__What this task involves__. Pictures are to be left out, and the rest of the records reproduced exactly.
::::
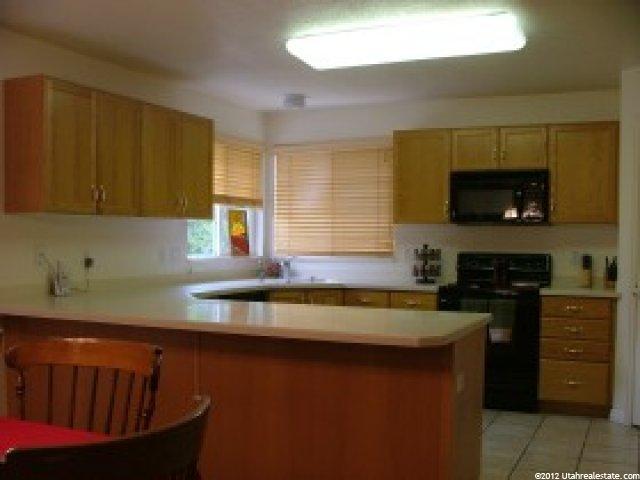 441 E 330 N, Orem, UT 84097 — photo 4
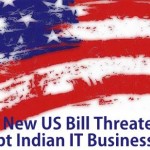New US Immigration Bill Threatens To Disrupt Indian IT Business Model [Analysis]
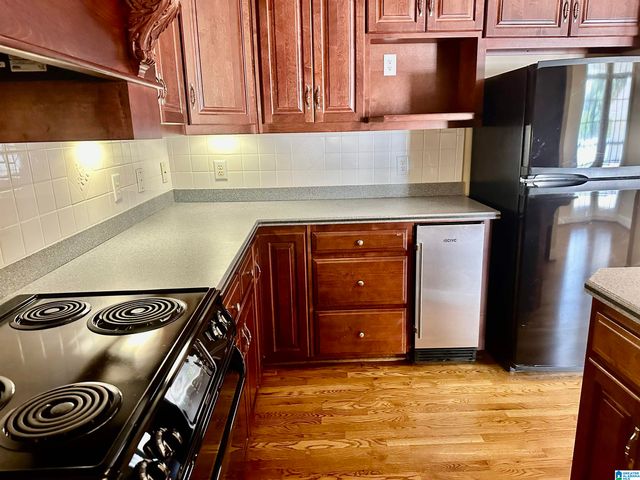 49 HERITAGE WAY, Oxford, AL 36203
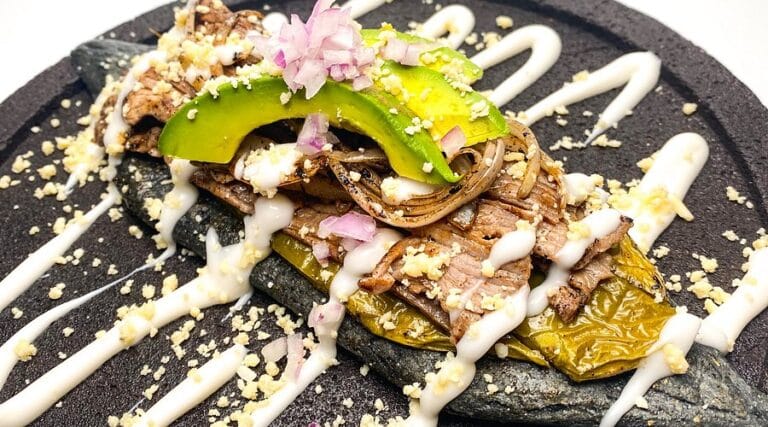 food el chinelo grill puerto vallarta2 768x427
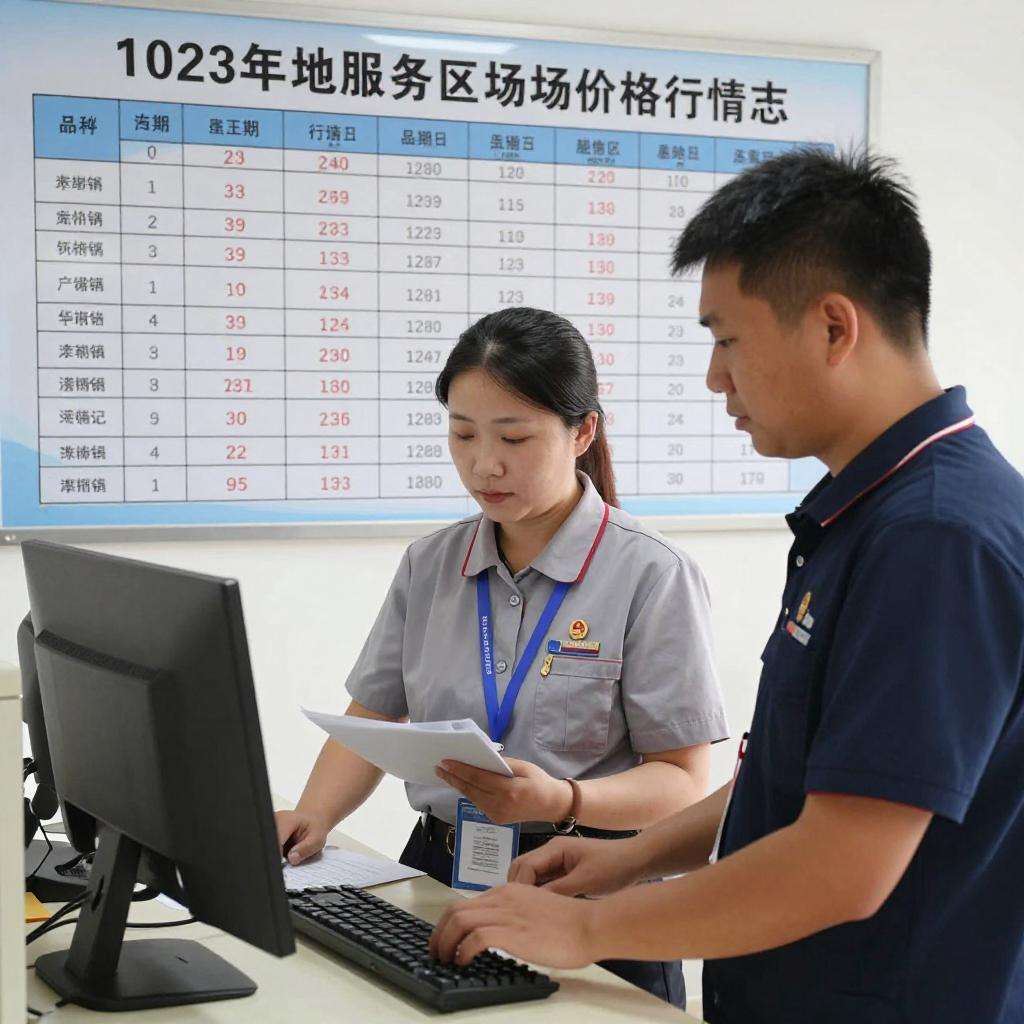 10月23日江苏水泥市场价格行情动态第一张图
::::
__Task output__.
 441 E 330 N, Orem, UT 84097 — photo 4
New US Immigration Bill Threatens To Disrupt Indian IT Business Model [Analysis]
 49 HERITAGE WAY, Oxford, AL 36203
 food el chinelo grill puerto vallarta2 768x427
 10月23日江苏水泥市场价格行情动态第一张图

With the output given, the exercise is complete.